Luccone, come definirebbe "Le cose brutte non esistono"?
“È un libro-scrigno che si può leggere in tanti modi diversi, e non è un modo di dire. A livello di impostazione del lavoro, la questione che ci premeva di più era capire il modo migliore per dare forma alla storia di Romani. Il ribollire di pensieri contraddittori del protagonista, per esempio, meritava una visibilità extratestuale; doveva fuoriuscire dal libro, doveva arrivare al lettore anche al di là della gabbia del testo. E così abbiamo capito che doveva esserci altro testo (altri testi, non citazioni dal testo) che doveva scorrere davanti al lettore, distrarlo dalla lettura. Abbiamo creato un gioco di rimandi che ricorda l’affastellarsi dei pensieri quando si è presa una decisione che cambia la vita. Contraddizioni, autoconvincimenti imperiosi, crolli, esaltazione, sembra di stare su un ottovolante. Volevamo un libro a tre dimensioni (per altro questa ricerca continua con il booktrailer a pillole) più una quarta dimensione riservata al lettore. Alla fine credo che sia venuto fuori un libro di grande leggibilità – una prerogativa della nostra collana Bookclub. Sono contento del lavoro fatto, specie sui personaggi. Penso a Alfonso Duro in particolare. Credo che Romani abbia creato un mostro. Abbiamo notizia di lettrici innamorate di lui…”

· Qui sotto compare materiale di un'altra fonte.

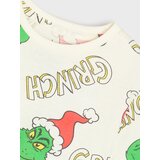 Sinsay Pamučna majica kratkih rukava Grinch | shoptok.hr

Amato, come le è venuta l’idea di questo progetto grafico?
“Le cose brutte non esistono fa parte della collana Bookclub in cui ogni libro ha un progetto a sé. Progettare un libro per me vuol dire pensare in modo unitario copertina e interni, quindi, questo come gli altri della collana, non ha solo una copertina pertinente con il testo ma anche un interno pensato appositamente per accompagnare la narrazione. Spesso quando devo progettare un libro parto da una scheda sintetica per capirne i contenuti, ma ci sono delle volte in cui mi concedo il lusso di leggere interamente il testo prima di cominciare a pensare alla sua forma. In questo romanzo ho scoperto dunque, in bozza, su fogli sparsi, che il protagonista soffriva di acufene. Proprio negli stessi giorni, un mio amico e collega di Bari, per caso al telefono mi diceva di avere quel disturbo e che gli pareva di camminare sempre con una conchiglia in testa. Molti anni fa, Fabian Negrin, mi regalò un piccolo disegno che è appunto quello della copertina. L’ho tenuto per tanti anni chiuso nell’armadio come una cosa preziosa del tutto privata. Ora è diventato una cosa un po’ più pubblica. Il passo successivo è stato immaginare dei testi che si sovrapponessero come uno principale e uno che disturba, come un fischio ‘visivo’ di fondo. E, in via piuttosto naturale, dalla copertina questo principio è stato esteso anche all’interno del libro, nello scorrere delle pagine. Partire dal contenuto dovrebbe essere la regola di ogni progetto di grafica editoriale”.